I feel like something went wrong a few steps ago if you find yourself needing this.
Happy to be enlightened otherwise?
I find it hard to criticize these sorts of projects. I think people should be questioned about strange ideas but over the internet it's hard to convey tone and hard to explain that I still want to encourage them to continue work on the weird, strange and unique.
In principle, the decentralized nature of git means that you don't really have to do this sort of thing. Just clone and be done.
But in practice, I do often find myself browsing my own code on GitHub for a variety of reasons:
- I'm in their office at their machine, but didn't bring my laptop.
- I'm traveling and want to talk about something with someone (I travel with a separate laptop).
- I'm half way through a big refactor and want to go back and see what master looks like. I know how to do this without GH/GL, but the simplest way to do that is to just pull up GH.
In all of these cases, and others, it's far easier to just pull up the file on github than it is to clone the repo locally.
So, given that we do sometimes want to browse our code remotely, the author then provides the (rather niche) criteria that make this a better solution than GH/GL:
"By serving a repo behind an FTP interface, we get these benefits:
- Web browser supported but not required
- Minimized network traffic, sending just the file data itself
- Supported on all platforms, with dozens of clients already written
- Support for both the command line and GUI"
Agree with you that this is a fairly niche set of criteria, but I could at least imagine myself in an environment where this could be a useful tool.
Tip for looking up other versions of a file in a local repository when you don't want to update to it: TortoiseGit on Windows can open the repo browser to show the state for a certain commit from the repository history window. Not a lot of people seem to know this. And to this date, I have found no other client with that capability.
I think you are a bit quick to judge to declare this as "strange" and "weird".
What I find strange for myself is the requirement of having a git web interface installed on the server and the need to use a web browser just to analyze a few parts of a remote repository.
Sure, it works, looks great, and there already are mainstream solutions available; but, a web interface certainly is overkill if all you want is to display some remote files.
I'm definitely not saying that web interfaces are wrong, but for people like me, simpler alternatives are very welcome, and I feel that FTP is a perfect fit for this. Git repositories are file trees after all and a "file transfer protocol" sounds like a better fit for this task than a "hypertext transfer protocol".
Apart from simplicity, this approach would have better composability (with external tools) as well, as the author put it:
> However these interfaces are fairly rigid, and don’t connect well with external tools.
Looking for simpler solutions to do things that we do everyday is never "strange" in my eyes.

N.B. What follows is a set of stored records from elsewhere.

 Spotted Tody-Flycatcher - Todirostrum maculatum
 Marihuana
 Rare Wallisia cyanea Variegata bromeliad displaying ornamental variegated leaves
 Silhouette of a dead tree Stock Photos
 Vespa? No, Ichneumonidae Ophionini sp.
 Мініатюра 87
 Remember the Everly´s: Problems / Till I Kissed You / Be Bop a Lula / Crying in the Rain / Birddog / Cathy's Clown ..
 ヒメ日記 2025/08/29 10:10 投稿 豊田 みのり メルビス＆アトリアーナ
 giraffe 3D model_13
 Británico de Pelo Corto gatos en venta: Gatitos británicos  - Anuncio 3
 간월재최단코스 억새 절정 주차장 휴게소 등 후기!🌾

FTP needs to die, immediately. It's an archaic protocol built around the limitations of early-1980s systems. In addition to the (by modern standards) insane protocol "feature" of having server responses be human-readable (and not machine-parseable) text, there's the batshit crazy mechanism of control and data connections it uses, which, in addition to having caused something like 2 decades of security problems, also makes it a nightmare to provision in modern networks --- and for nothing, for no benefit at all.
If in 2019 a developer built a file transfer system with the same service model as FTP, using the same design, you'd dismiss them for incompetence.
There is nothing FTP does that HTTP can't already do. The normal response to that is that there's no standard set of HTTP endpoints that delivers the file-upload capability that FTP exposes by default. But then, FTP doesn't even have a "standard" directory listing.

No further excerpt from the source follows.